Collected data.
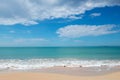 Panoramic view of beautiful beach of Mediterranean sea, Palma de Mallorca, Spain. Balearic island Royalty Free Stock Photo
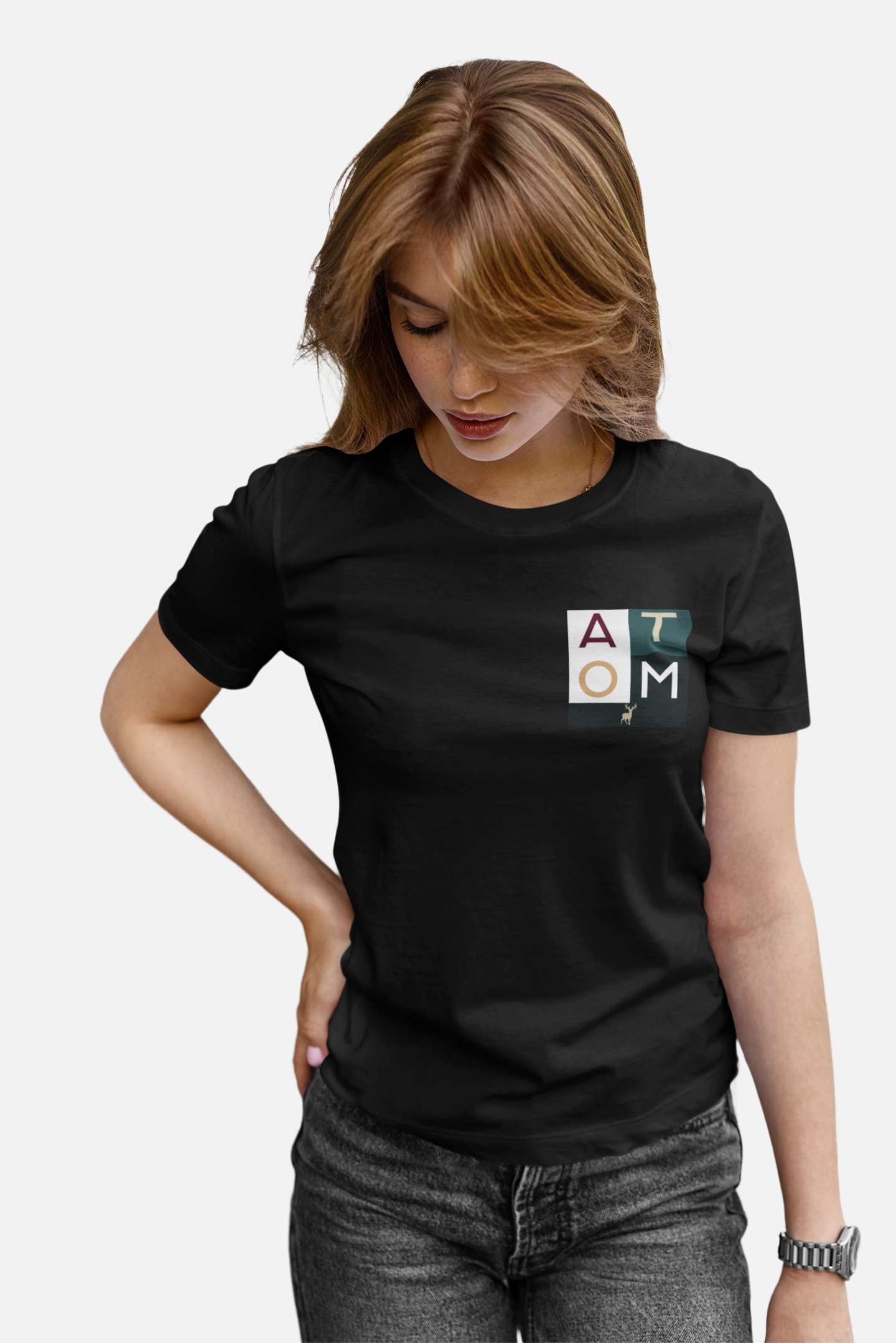 ATOM Signature Pocket Square Logo Black T-Shirt for Women.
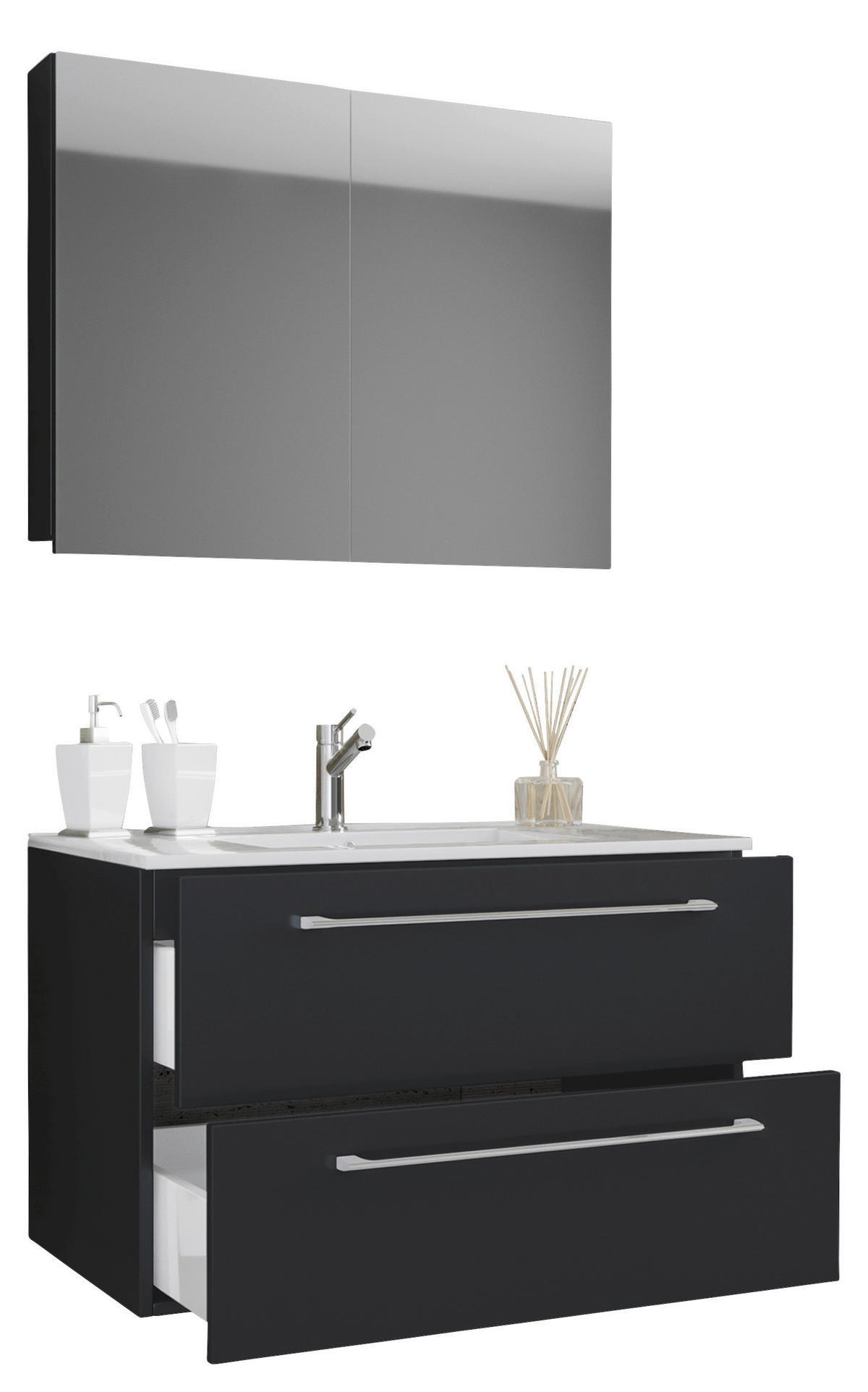 BADEZIMMER 3-teilig  in 80 cm  - Alufarben/Schwarz, MODERN, Keramik/Holzwerkstoff (80cm) - MID.YOU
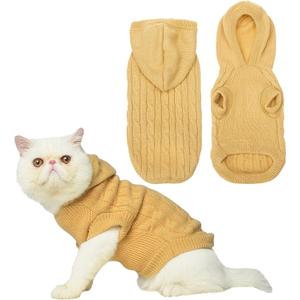 PUPTECK Winter Dog Cat Sweater Coat - Soft Cold Weather Clothes Knitwear for Kitties & Small Dogs Indoor Outdoor Walking Warm, Knitted Classic for Doggies Kitties Girls Boys, Cream M (M: Chest 13.8in, Back 14in)
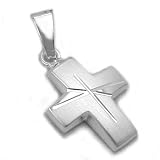 Jewellery Pendant Cross, Diamond Cut, Silver 925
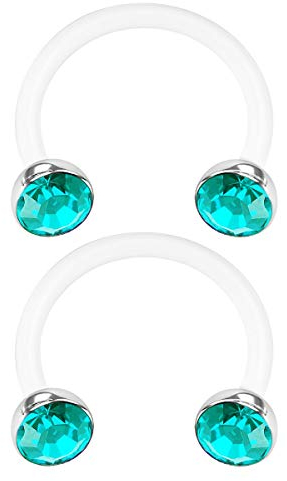 KJM FASHION 2 STK Durchsichtig Bioflex Hufeisen Ohrringe 1,2 mm 16 g 8mm 5/16 Inch 3mm halbe Kristallkugel Nose Helix Cartilage Rook Piercing Schmuck 0962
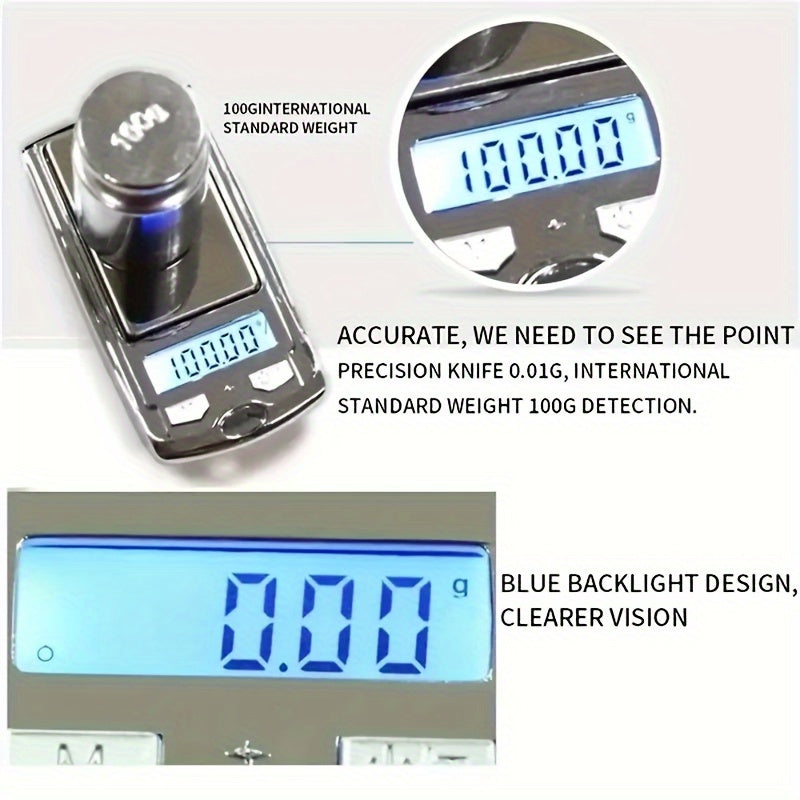 1 Mini Digital Backlit Pocket Scale 0.01g Precision, Portable Keychain Scale for Jewelry, Herbs, Food, Kitchen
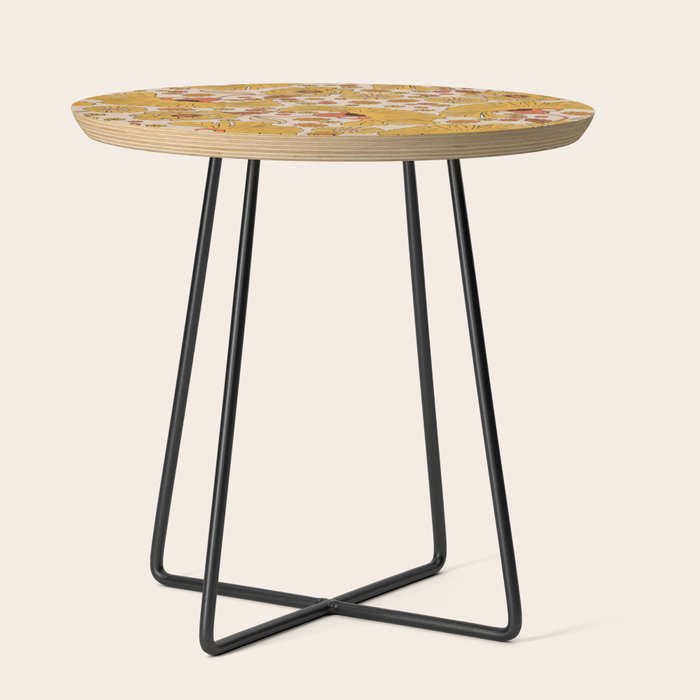 70s Floral Pattern Side Table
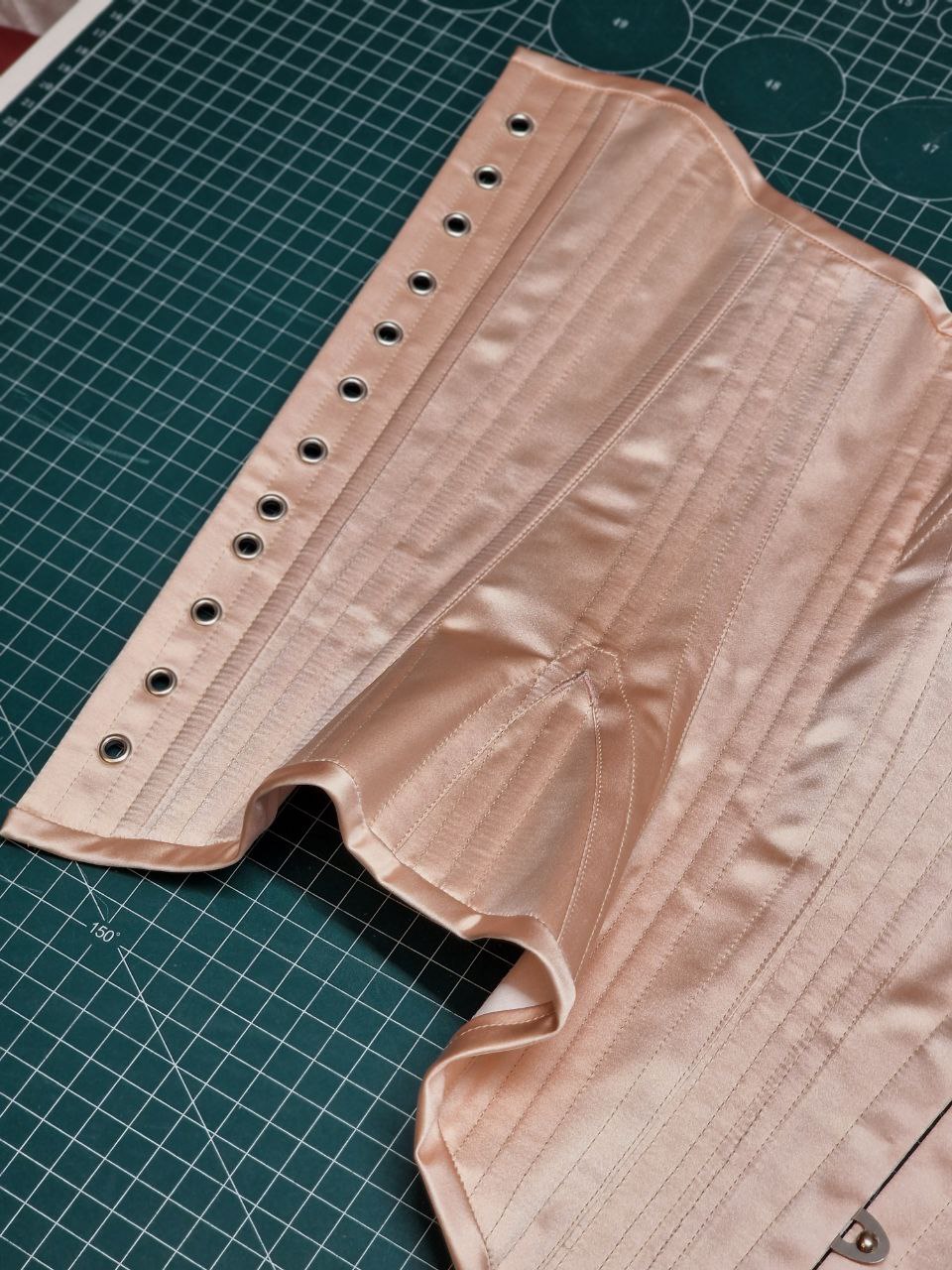 CUSTOM "Elira" Late Victorian Silk Satin Corset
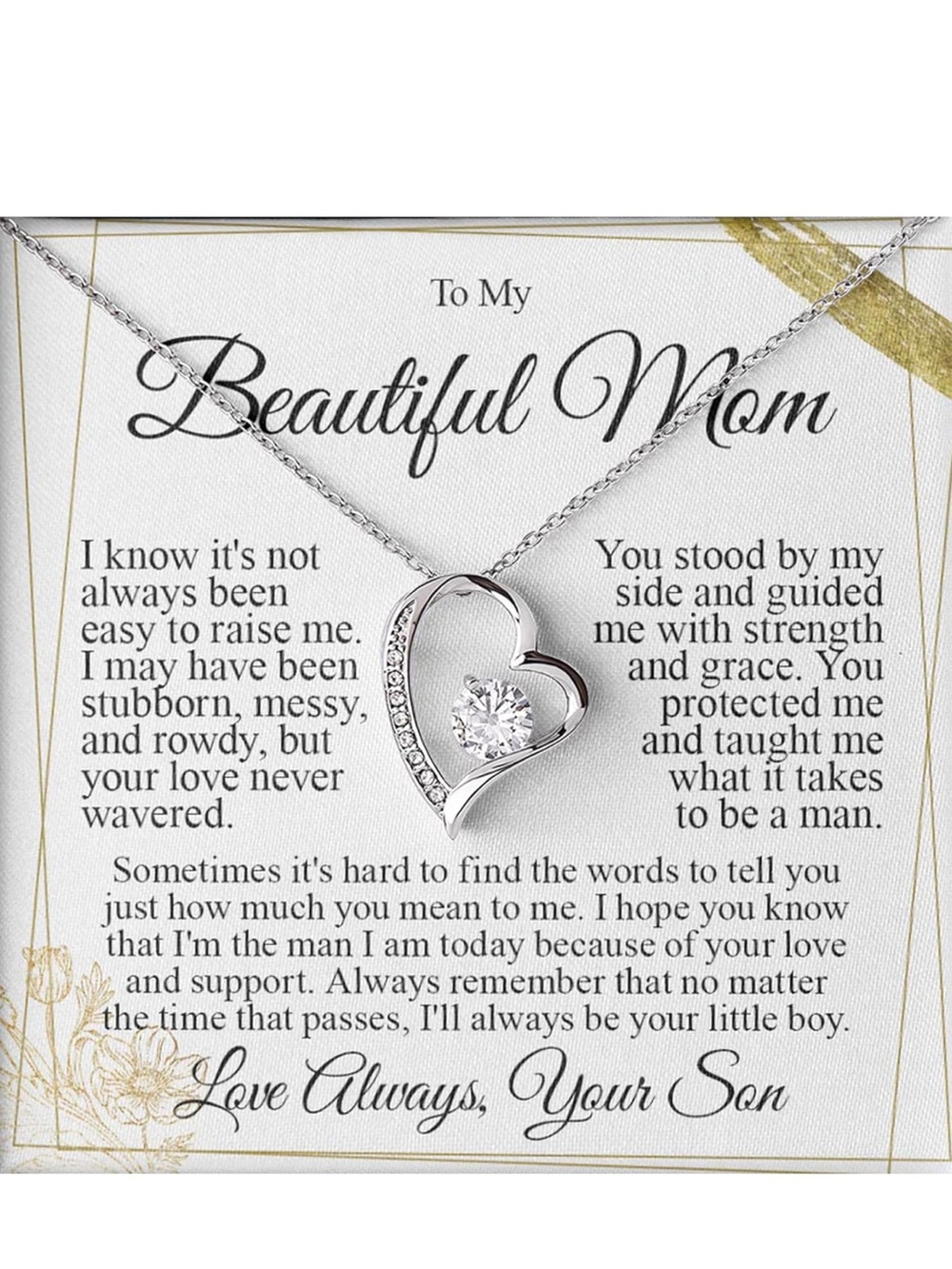 Sterling Silver Heart Pendant Necklace with Clear Crystal - Beautiful Mom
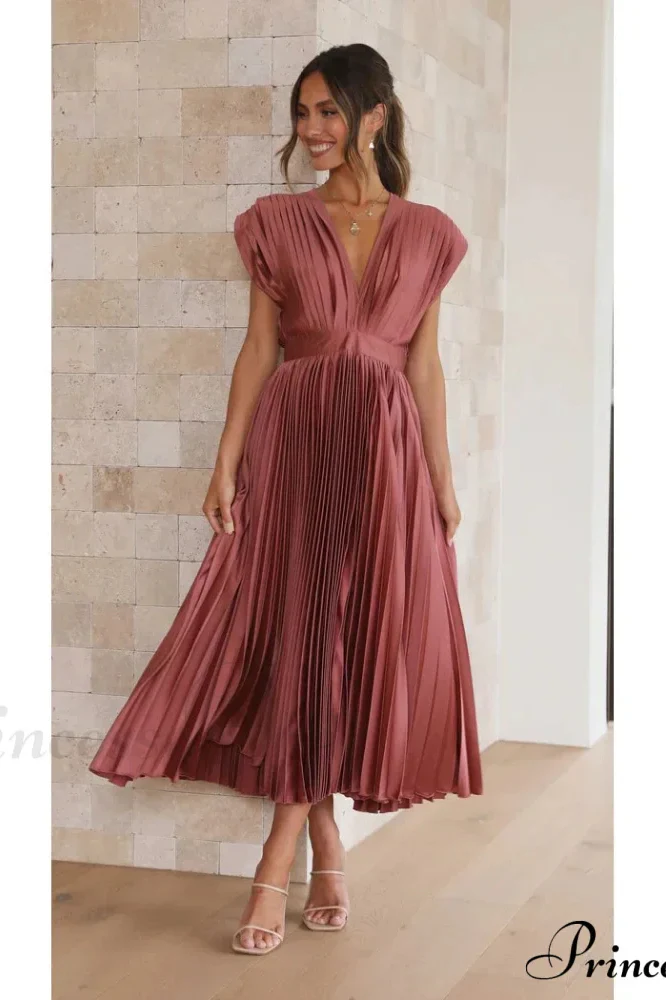 Female Loose Zipper Trendy Pleated Party Dress - Image 4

Instructions for the task. Write out the records shown above exactly, but do not include any images.

Answer box.
 Panoramic view of beautiful beach of Mediterranean sea, Palma de Mallorca, Spain. Balearic island Royalty Free Stock Photo
 ATOM Signature Pocket Square Logo Black T-Shirt for Women.
 BADEZIMMER 3-teilig  in 80 cm  - Alufarben/Schwarz, MODERN, Keramik/Holzwerkstoff (80cm) - MID.YOU
 PUPTECK Winter Dog Cat Sweater Coat - Soft Cold Weather Clothes Knitwear for Kitties & Small Dogs Indoor Outdoor Walking Warm, Knitted Classic for Doggies Kitties Girls Boys, Cream M (M: Chest 13.8in, Back 14in)
 Jewellery Pendant Cross, Diamond Cut, Silver 925
 KJM FASHION 2 STK Durchsichtig Bioflex Hufeisen Ohrringe 1,2 mm 16 g 8mm 5/16 Inch 3mm halbe Kristallkugel Nose Helix Cartilage Rook Piercing Schmuck 0962
 1 Mini Digital Backlit Pocket Scale 0.01g Precision, Portable Keychain Scale for Jewelry, Herbs, Food, Kitchen
 70s Floral Pattern Side Table
 CUSTOM "Elira" Late Victorian Silk Satin Corset
 Sterling Silver Heart Pendant Necklace with Clear Crystal - Beautiful Mom
 Female Loose Zipper Trendy Pleated Party Dress - Image 4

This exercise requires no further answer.